Inheritance tax is charged at 40% on the value of an estate above the nil-rate band of £325,000. For many families, the bulk of that estate is tied up in property — an asset that cannot be liquidated quickly. Life insurance, structured correctly and placed in trust, provides the cash to pay HMRC within the six-month deadline without forcing a sale of the family home.
The Liquidity Problem
Most estates in England and Wales are asset-rich but cash-poor. A family home worth £600,000 may sit alongside only £20,000 in savings. When HMRC demands £110,000 in inheritance tax within six months of death, beneficiaries face a stark choice: sell quickly at a discount, borrow at high cost, or use life insurance proceeds to pay the bill. Life insurance is almost always the most cost-effective solution.
Why the Policy Must Be in Trust
This is the critical step that most people overlook. A life insurance policy that pays out to your estate is included in the estate valuation and taxed at 40%. A policy placed in trust pays out directly to the beneficiaries — bypassing probate entirely and arriving within weeks of death being registered. Without trust placement, the policy payout can itself generate an IHT liability.
Example: A £200,000 whole-of-life policy not in trust adds £200,000 to the estate. If the estate is above the nil-rate band, 40% of that £200,000 — £80,000 — goes to HMRC. Beneficiaries receive £120,000, not £200,000. With a trust, the full £200,000 passes tax-free.

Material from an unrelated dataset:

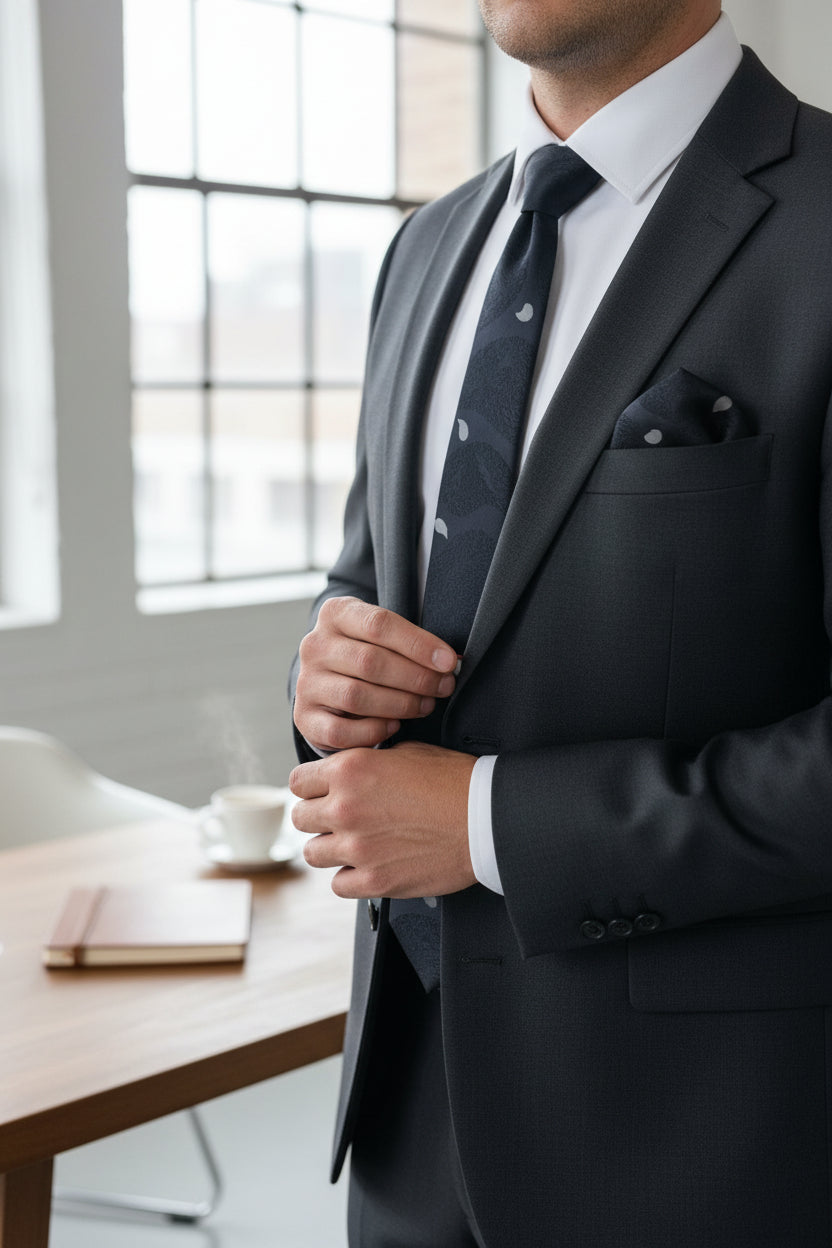 Black Silk Tie with Silver Teardrops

Whole-of-Life vs Term Insurance
Whole-of-life insurance guarantees a payout whenever you die — making it ideal for covering a permanent IHT liability. Term insurance covers a fixed period and is cheaper, but the policy may expire before death. For IHT planning, whole-of-life is generally preferred unless you are covering a specific time-limited risk, such as the seven-year PET period on a large gift.